Description of the task:
Transcribe, word for word, every line from the one containing "전략,글로벌,투자,SK그룹,달러,콜린스" through the final line of the records, and omit the pictures.

Entries provided:
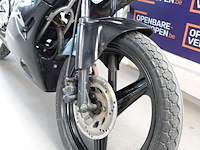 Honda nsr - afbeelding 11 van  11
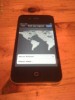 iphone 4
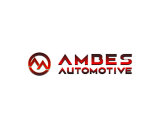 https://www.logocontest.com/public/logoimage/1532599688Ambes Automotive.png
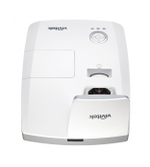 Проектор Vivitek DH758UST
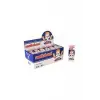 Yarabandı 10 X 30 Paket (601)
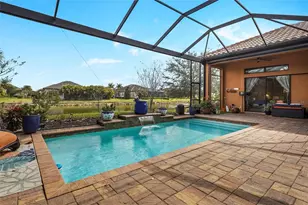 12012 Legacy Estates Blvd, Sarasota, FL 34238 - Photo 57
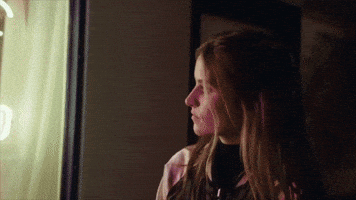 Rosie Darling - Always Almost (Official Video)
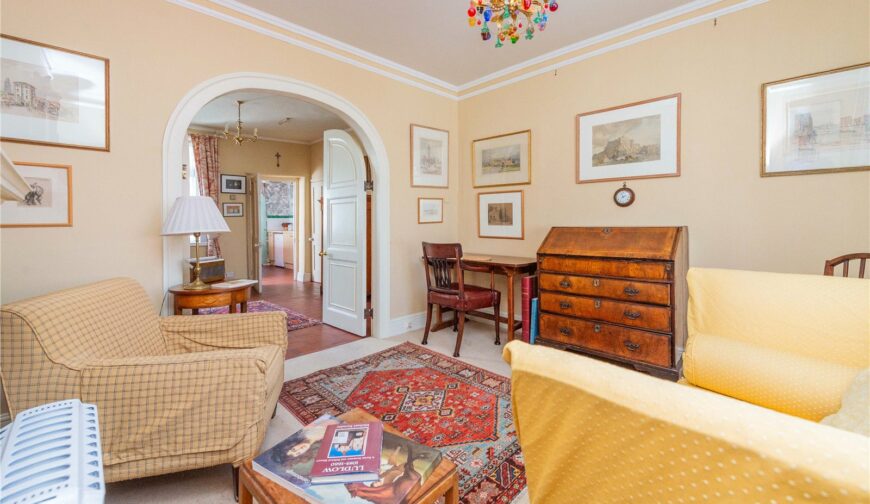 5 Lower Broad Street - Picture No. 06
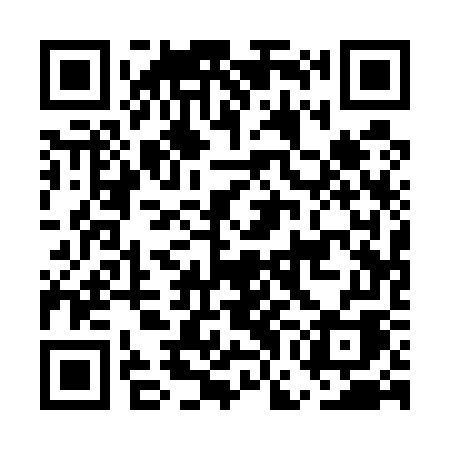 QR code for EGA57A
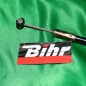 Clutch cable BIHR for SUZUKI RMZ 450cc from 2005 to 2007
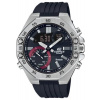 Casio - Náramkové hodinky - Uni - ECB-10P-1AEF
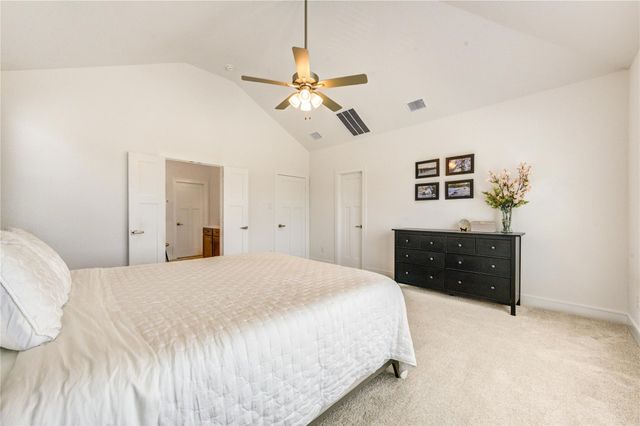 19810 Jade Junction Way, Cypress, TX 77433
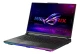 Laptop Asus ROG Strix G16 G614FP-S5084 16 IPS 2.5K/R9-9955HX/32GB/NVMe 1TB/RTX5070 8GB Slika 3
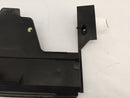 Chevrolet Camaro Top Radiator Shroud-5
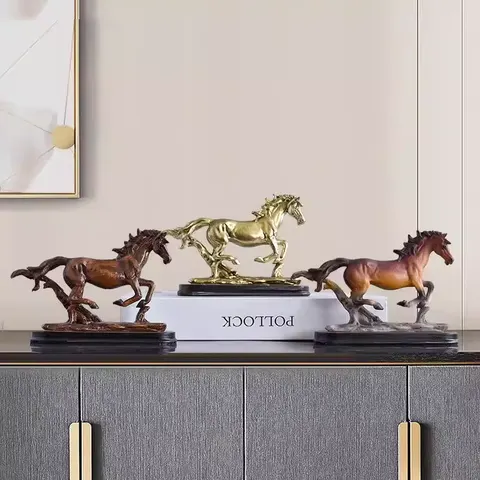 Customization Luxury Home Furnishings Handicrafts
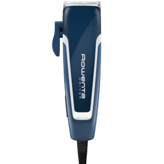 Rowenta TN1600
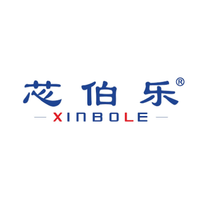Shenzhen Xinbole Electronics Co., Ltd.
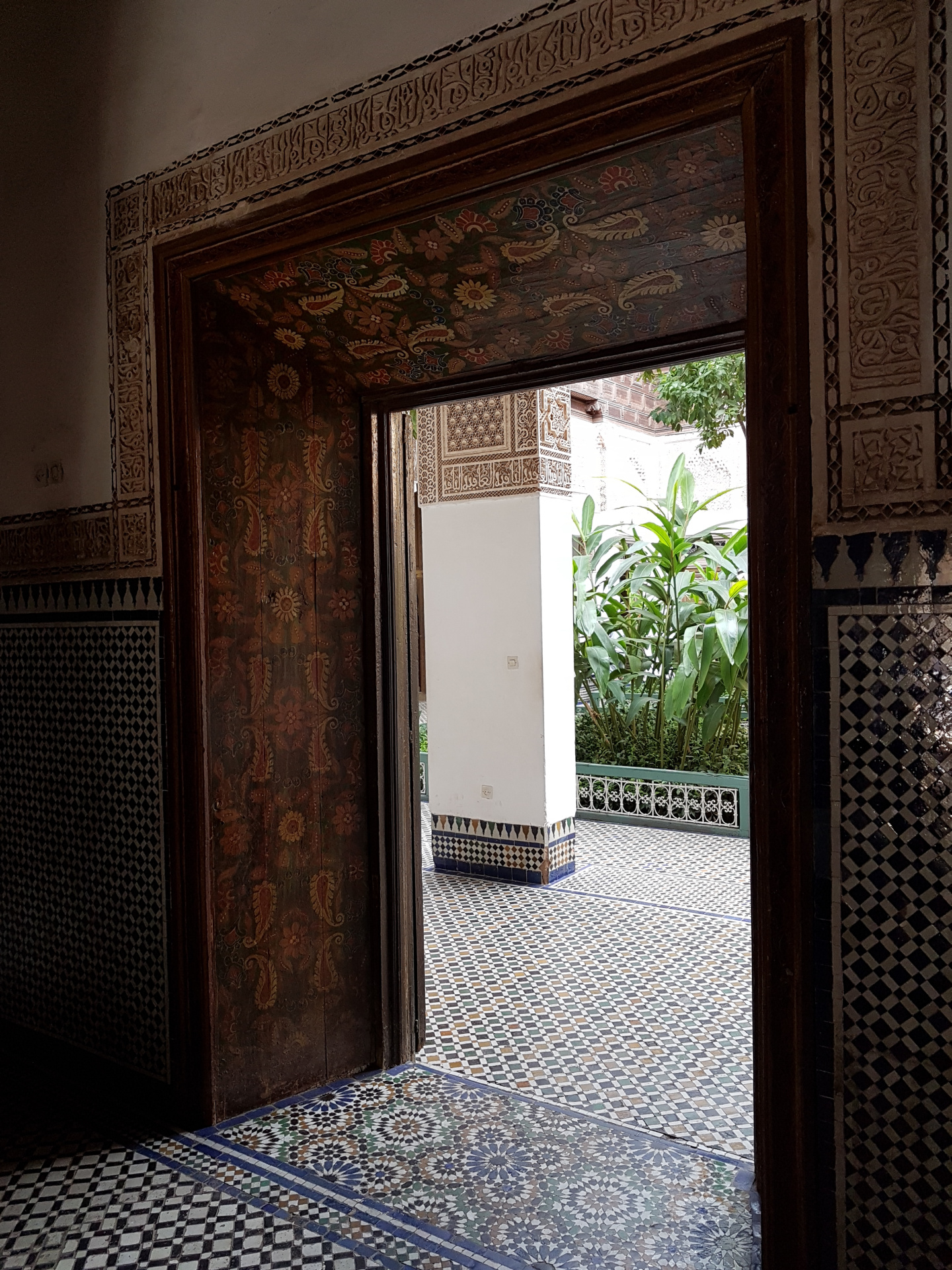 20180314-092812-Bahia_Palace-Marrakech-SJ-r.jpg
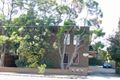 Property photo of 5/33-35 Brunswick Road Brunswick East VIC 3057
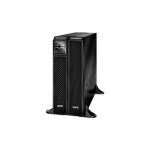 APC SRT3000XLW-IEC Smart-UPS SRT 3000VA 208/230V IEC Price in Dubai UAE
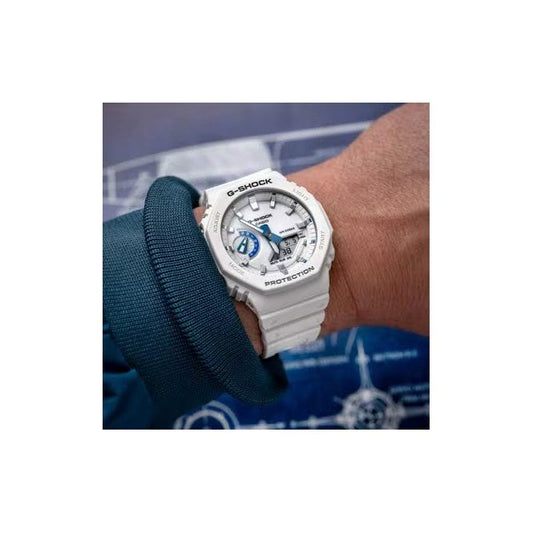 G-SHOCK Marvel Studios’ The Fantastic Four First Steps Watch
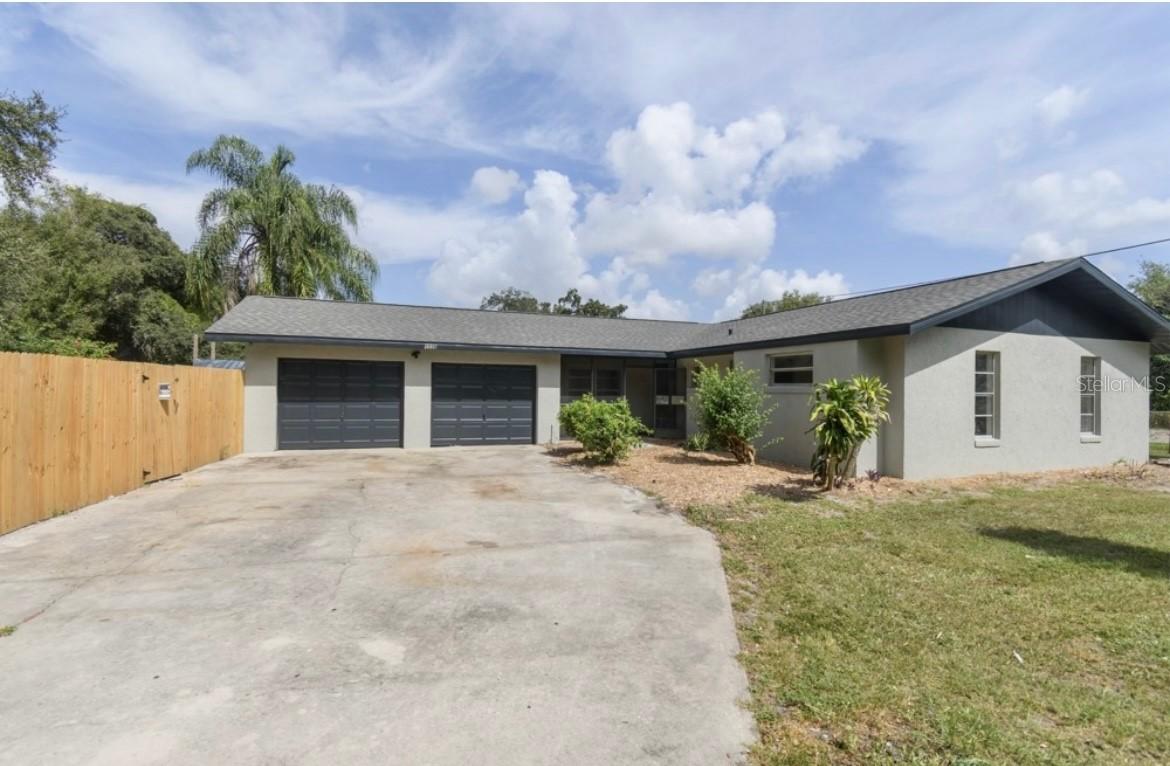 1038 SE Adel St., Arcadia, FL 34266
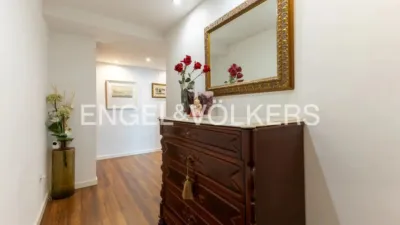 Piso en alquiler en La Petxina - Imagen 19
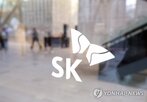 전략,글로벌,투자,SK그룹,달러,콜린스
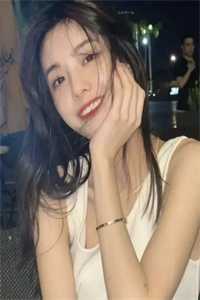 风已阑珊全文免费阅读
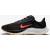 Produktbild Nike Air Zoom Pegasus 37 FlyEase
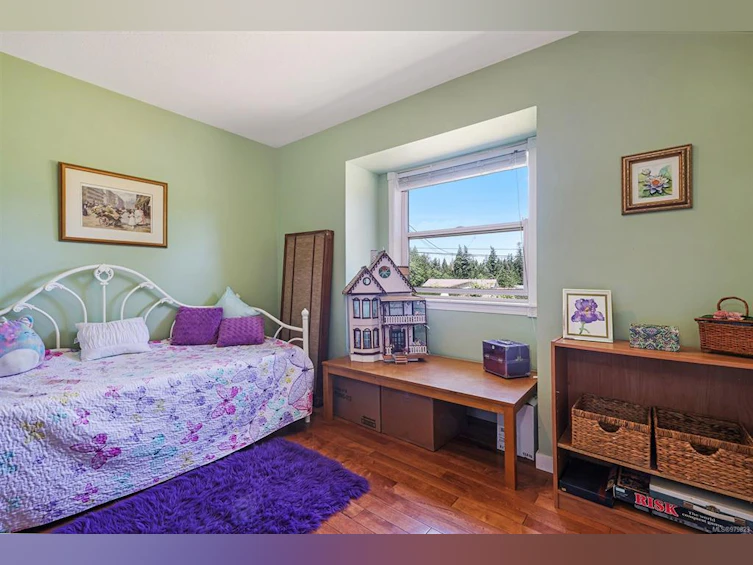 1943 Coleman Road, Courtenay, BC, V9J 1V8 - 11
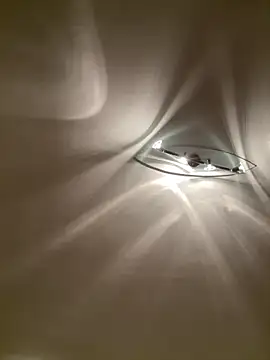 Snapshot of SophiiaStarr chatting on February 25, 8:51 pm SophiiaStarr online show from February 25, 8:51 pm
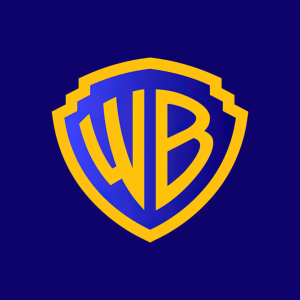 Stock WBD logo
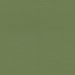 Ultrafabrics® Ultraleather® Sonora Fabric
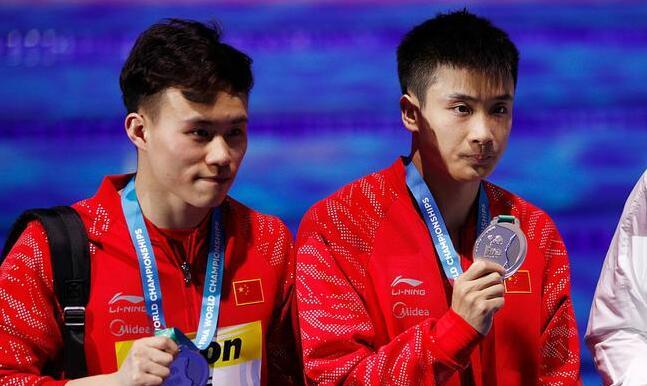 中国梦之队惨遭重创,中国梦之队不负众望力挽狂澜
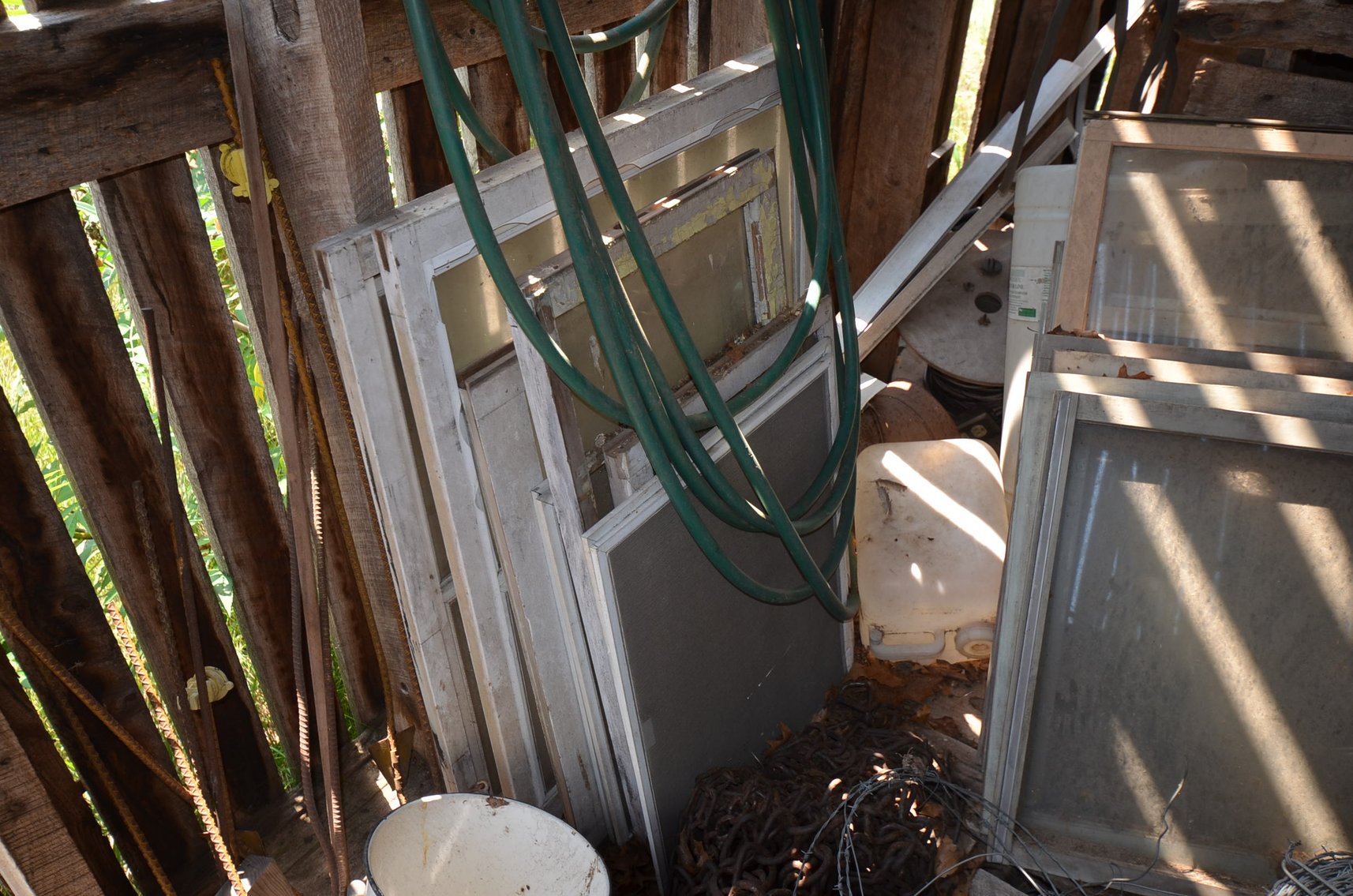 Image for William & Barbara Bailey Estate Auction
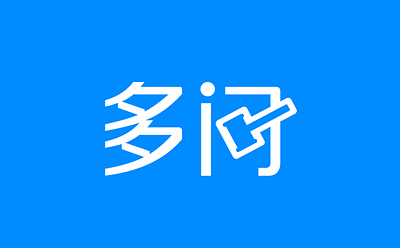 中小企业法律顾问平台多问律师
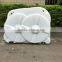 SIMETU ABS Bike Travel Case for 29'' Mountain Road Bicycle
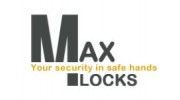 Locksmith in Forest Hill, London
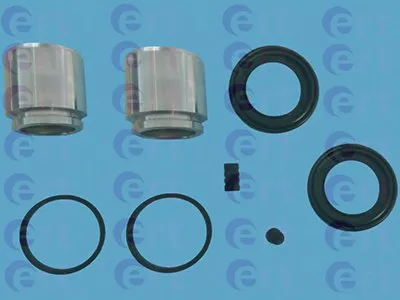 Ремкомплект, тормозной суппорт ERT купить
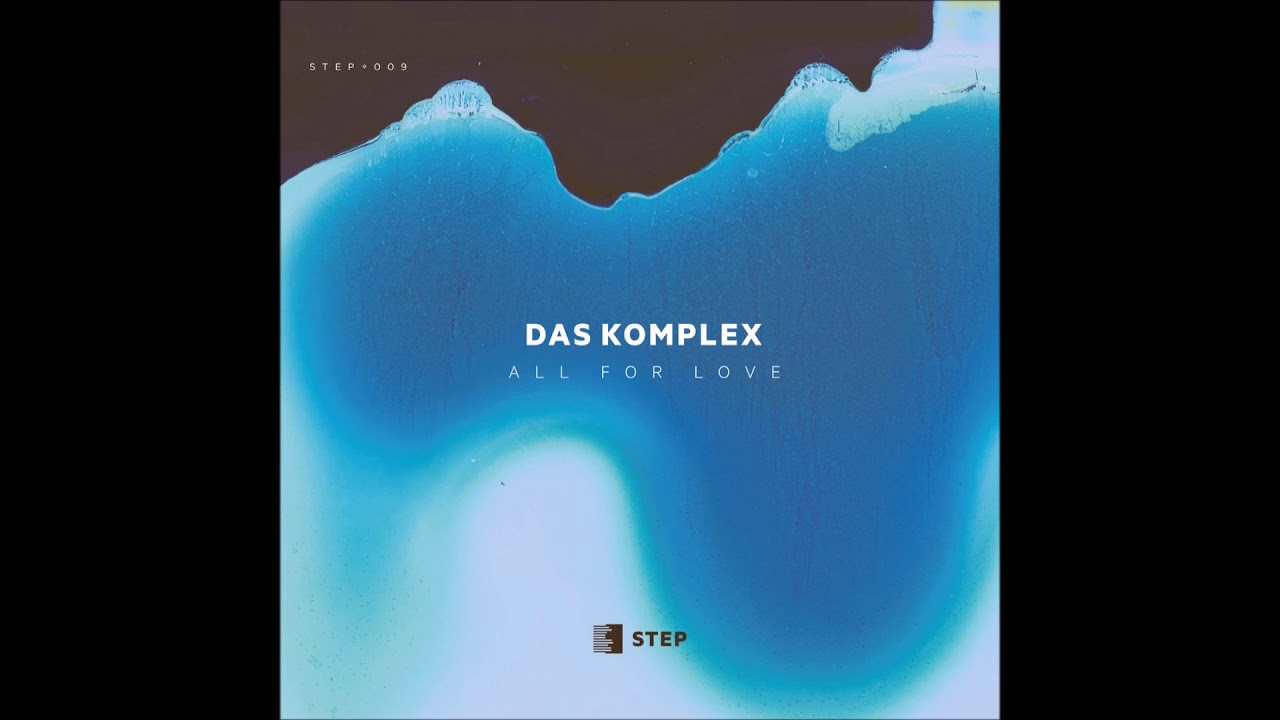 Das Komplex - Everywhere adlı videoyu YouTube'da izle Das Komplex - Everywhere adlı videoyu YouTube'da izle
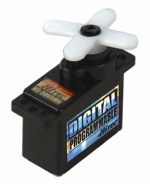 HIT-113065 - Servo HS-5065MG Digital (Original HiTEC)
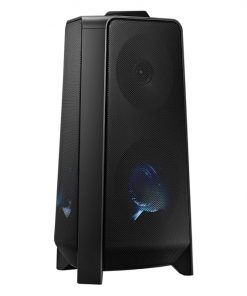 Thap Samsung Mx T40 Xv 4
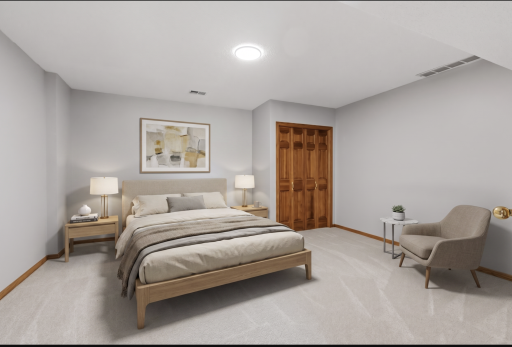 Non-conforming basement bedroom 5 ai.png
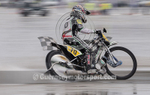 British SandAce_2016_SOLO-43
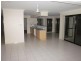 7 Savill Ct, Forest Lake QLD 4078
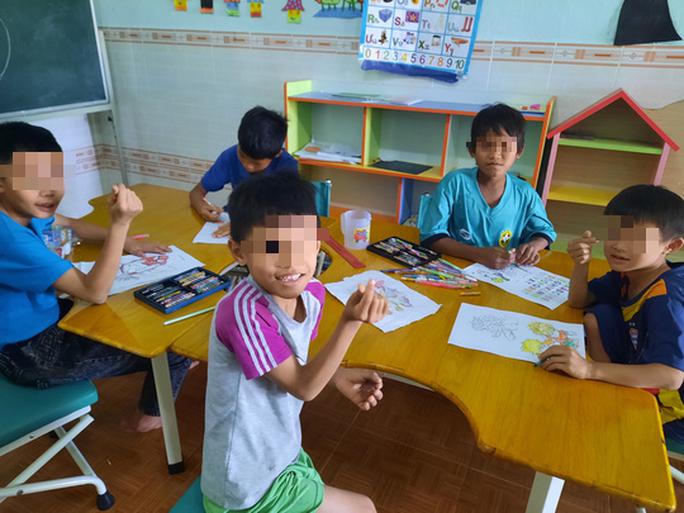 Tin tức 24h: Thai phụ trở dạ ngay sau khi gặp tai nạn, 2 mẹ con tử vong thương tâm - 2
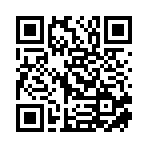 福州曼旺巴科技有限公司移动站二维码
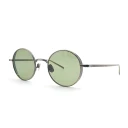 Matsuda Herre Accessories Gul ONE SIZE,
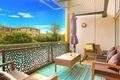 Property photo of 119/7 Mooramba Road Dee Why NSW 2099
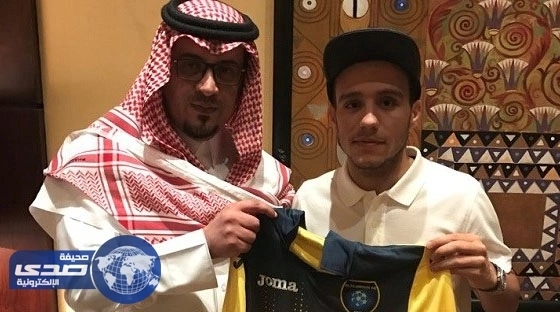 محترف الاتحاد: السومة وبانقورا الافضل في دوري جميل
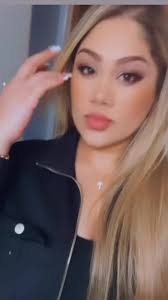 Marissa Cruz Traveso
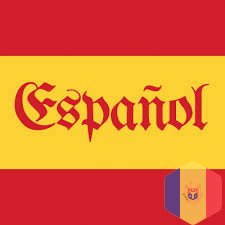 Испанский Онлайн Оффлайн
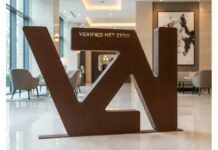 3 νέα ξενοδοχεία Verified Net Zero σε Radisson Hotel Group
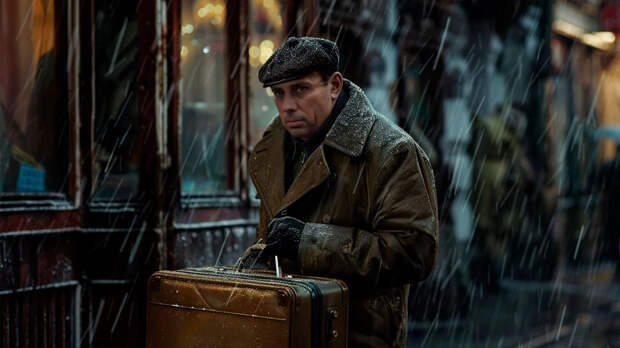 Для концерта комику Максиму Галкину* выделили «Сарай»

Written solution:
 전략,글로벌,투자,SK그룹,달러,콜린스
 风已阑珊全文免费阅读
 Produktbild Nike Air Zoom Pegasus 37 FlyEase
 1943 Coleman Road, Courtenay, BC, V9J 1V8 - 11
 Snapshot of SophiiaStarr chatting on February 25, 8:51 pm SophiiaStarr online show from February 25, 8:51 pm
 Stock WBD logo
 Ultrafabrics® Ultraleather® Sonora Fabric
 中国梦之队惨遭重创,中国梦之队不负众望力挽狂澜
 Image for William & Barbara Bailey Estate Auction
 中小企业法律顾问平台多问律师
 SIMETU ABS Bike Travel Case for 29'' Mountain Road Bicycle
 Locksmith in Forest Hill, London
 Ремкомплект, тормозной суппорт ERT купить
 Das Komplex - Everywhere adlı videoyu YouTube'da izle Das Komplex - Everywhere adlı videoyu YouTube'da izle
 HIT-113065 - Servo HS-5065MG Digital (Original HiTEC)
 Thap Samsung Mx T40 Xv 4
 Non-conforming basement bedroom 5 ai.png
 British SandAce_2016_SOLO-43
 7 Savill Ct, Forest Lake QLD 4078
 Tin tức 24h: Thai phụ trở dạ ngay sau khi gặp tai nạn, 2 mẹ con tử vong thương tâm - 2
 福州曼旺巴科技有限公司移动站二维码
 Matsuda Herre Accessories Gul ONE SIZE,
 Property photo of 119/7 Mooramba Road Dee Why NSW 2099
 محترف الاتحاد: السومة وبانقورا الافضل في دوري جميل
 Marissa Cruz Traveso
 Испанский Онлайн Оффлайн
 3 νέα ξενοδοχεία Verified Net Zero σε Radisson Hotel Group
 Для концерта комику Максиму Галкину* выделили «Сарай»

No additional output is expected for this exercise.